The BIOS drive ID specifies the drive ID slot that is used locally to attach the drive to the system.

The image name is internally concatenated with the MAC address of the hardware platform instance used while testing. That means if the MAC address of the machine is 01:23:45:67:89:ab and the image name in the config is foobar then the resulting target name is 01-23-45-67-89-ab-foobar. Therefore, the iscsi definition from the config itself is machine agnostic.

In order for such an image name to exist, the administrator of the iSCSI service must create one image per hardware platform instance. This way, no two hardware platform instances can manipulate the same image concurrently.
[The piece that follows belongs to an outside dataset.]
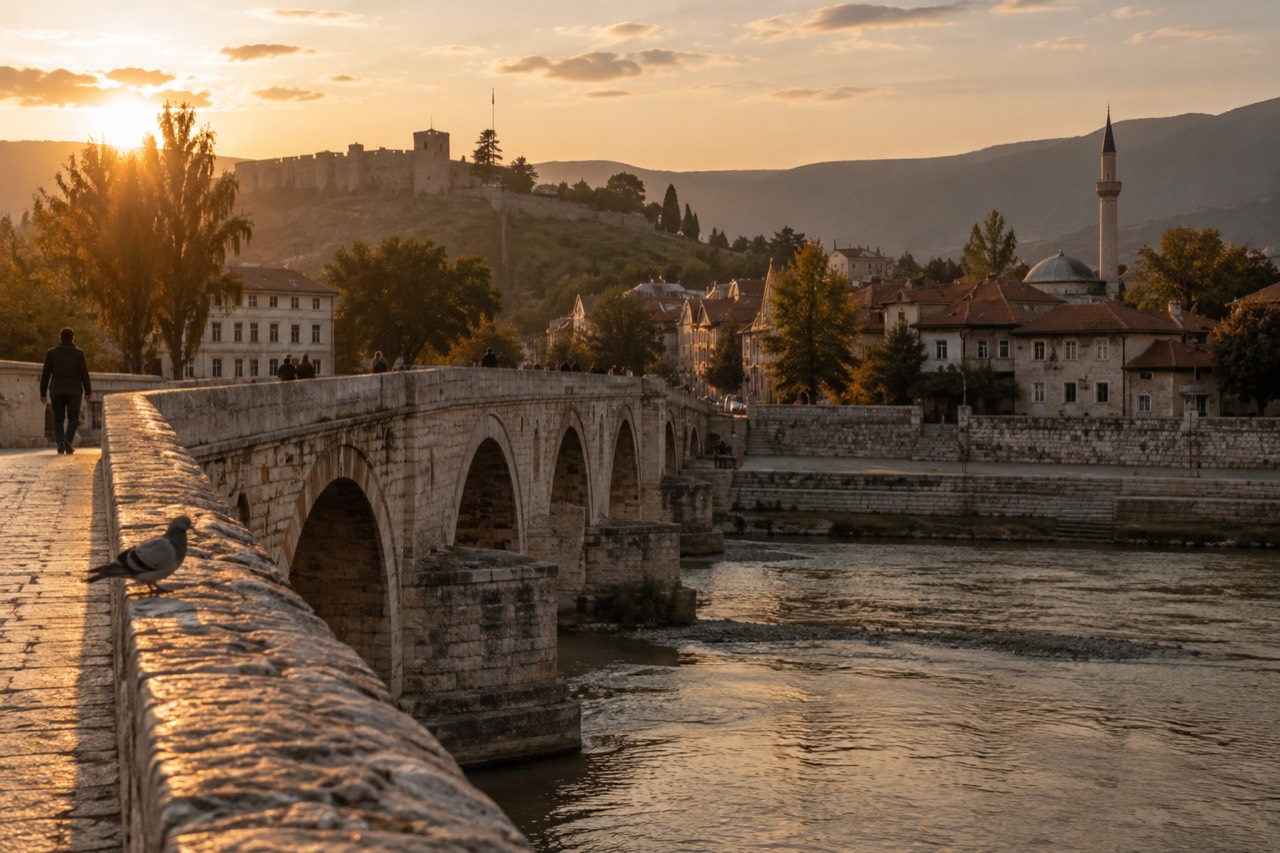 Old town rooftops and a stone bridge over a river in a Balkan city at golden hour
If a machine switches its boot source type (UEFI to legacy BIOS or back), the image must be changed as well.

For more information on the underlying mechanism see the documentation for attaching SAN devices of the iPXE project.

In order to debug iSCSI errors, have a look at the Boot Config section of the boot item in the Web UI that is failing to attach an iSCSI target, and inspect the resulting iSCSI load line.
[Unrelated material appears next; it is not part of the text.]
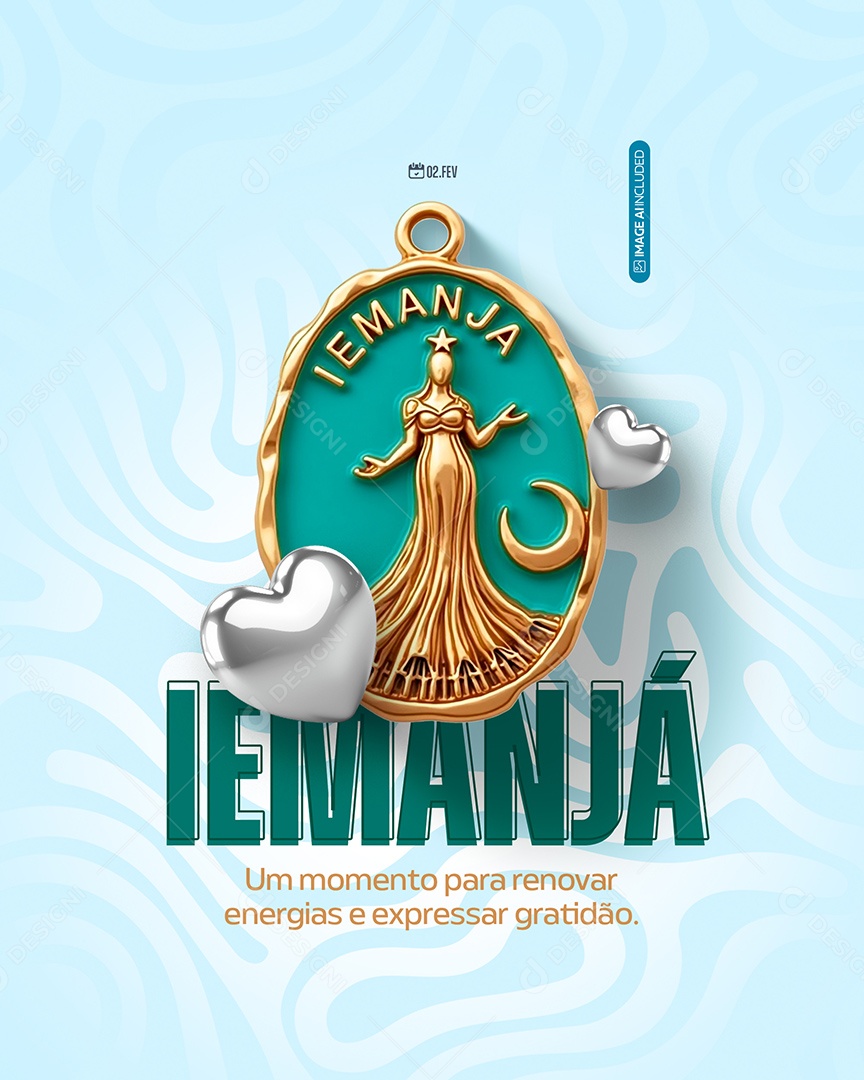 Dia de Iemanjá Um Moemento Para Renovar Energias e Expressar Gratidão Social Media PSD Editável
Hardware Platform Specific Variables

It is possible to parametrize exec and load lines with hardware platform specific variables.

The administrator of a SoTest cluster can configure such variables per hardware platform instance. Configured variables can be accessed using the following syntax: @{variable_name} if the variable in the hardware platform configuration is variable_name.

Example: In order to boot the same Linux kernel on multiple hardware platforms that each have different serial ports and baudrates, the following configuration would parametrize the boot item accordingly:

  - name: Linux kernel compile test
        exec: kernels/linux-5.3.8.bzImage console=@{serialport},@{serialbaudrate}

If a variable is not defined for the executing hardware platform, the boot item fails.